Enter the Dragon (Robert Clouse / U.S.-Hong Kong, 1973):

Action "like a small play but played seriously," in Bruce Lee's hands it's a walk around the atelier (cf. Astaire at the gym in Royal Wedding). The foe is a renegade Shaolin monk (Shih Kien) trading in dope and flesh out of his kingdom-island, the point of entry is a tournament where martial-artists with lethal backstories mingle. (A high-angled zoom-pan gives a lush view of the fortress dotted with white kimonos.) Joining Lee's infiltrator are the indebted playboy (John Saxon) and the hotshot sensualist (Jim Kelly), war chums taking turns in the kingpin's bone-cracking arena. "Man, you come right out of a comic book!" Gilbert's You Only Live Twice provides the structural lines, with a detour into Leone's For a Few Dollars More for the fate of the agent's sister (a fierce mini-decathlon for Angela Mao) plus copious swaths of Lang's The Indian Tomb.
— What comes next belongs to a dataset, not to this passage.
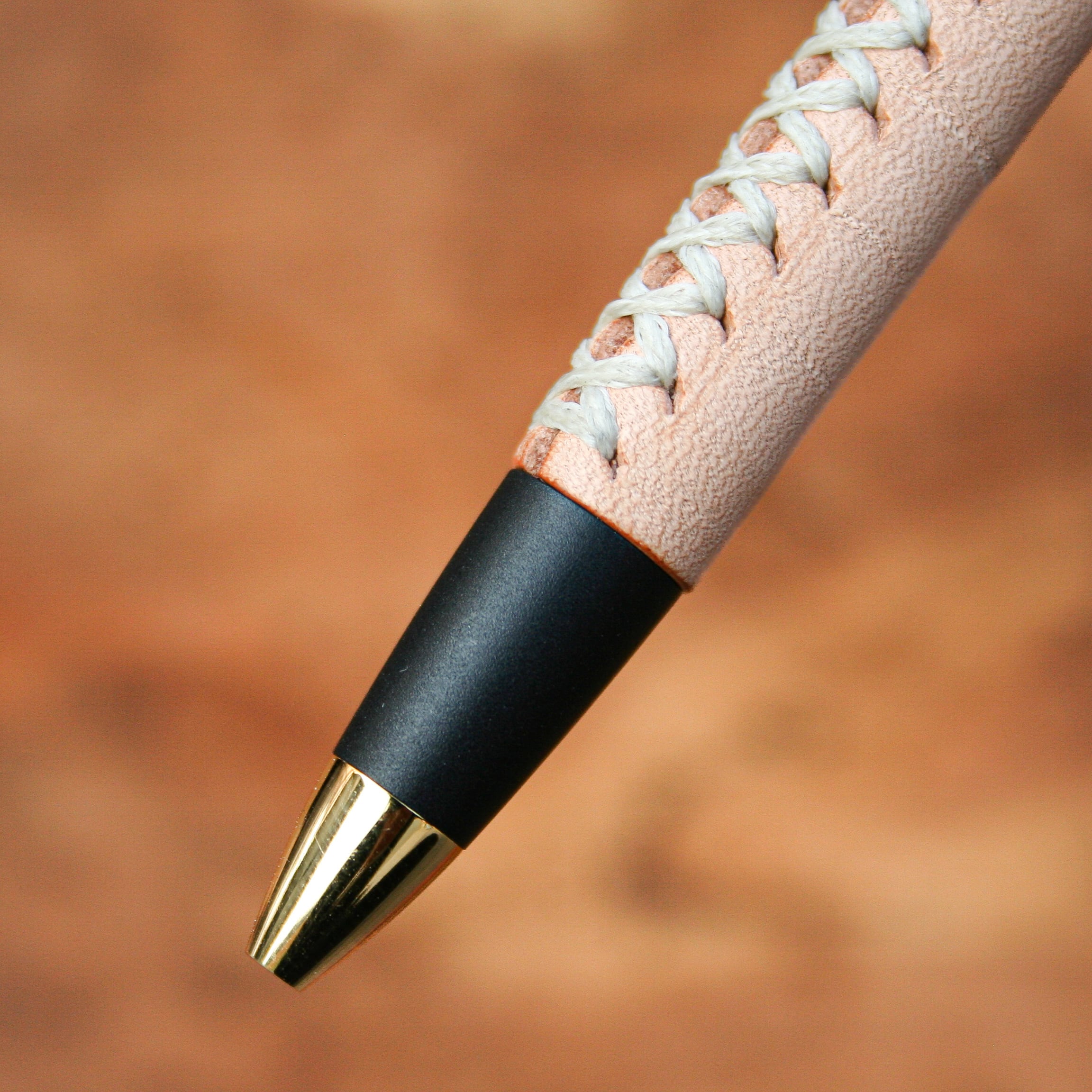 ☆不定期販売☆ 革軸ペン 【特上ヌメ革節目模様 ナチュラル】 | Schicksal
Robert Clouse's studies of Hong Kong reveal booming metropolis side by side with floating slum, Lalo Schifrin's synthesizers add layers of oneiric funk, and there are flashes of svelte Sammo Hung, young Jackie Chan, and Bolo Yeung like a cruel boulder of muscle. All of this is fused for Lee's most opulent dojo, at once grindhouse and sacramental. Sleek as Alain Delon and mighty as Muhammad Ali, the star quivers in unforgettable slow-mo, stripped to the waist and adorned with crimson slashes. "Break the image" is the sage advice, as Welles would have it, and sure enough hero and villain lock eyes in the midst of a massive melee and continue their dance in a hall of mirrors from The Lady from Shanghai. "We shall strive to be worthy of your sense of grandeur." Brilliant subsequent parodies from John Landis and Stephen Chow can't dim the mystique of the lithe cyclone whipping across the Panavision screen. With Ahna Capri, Bob Wall, Betty Chung, Geoffrey Weeks, and Peter Archer.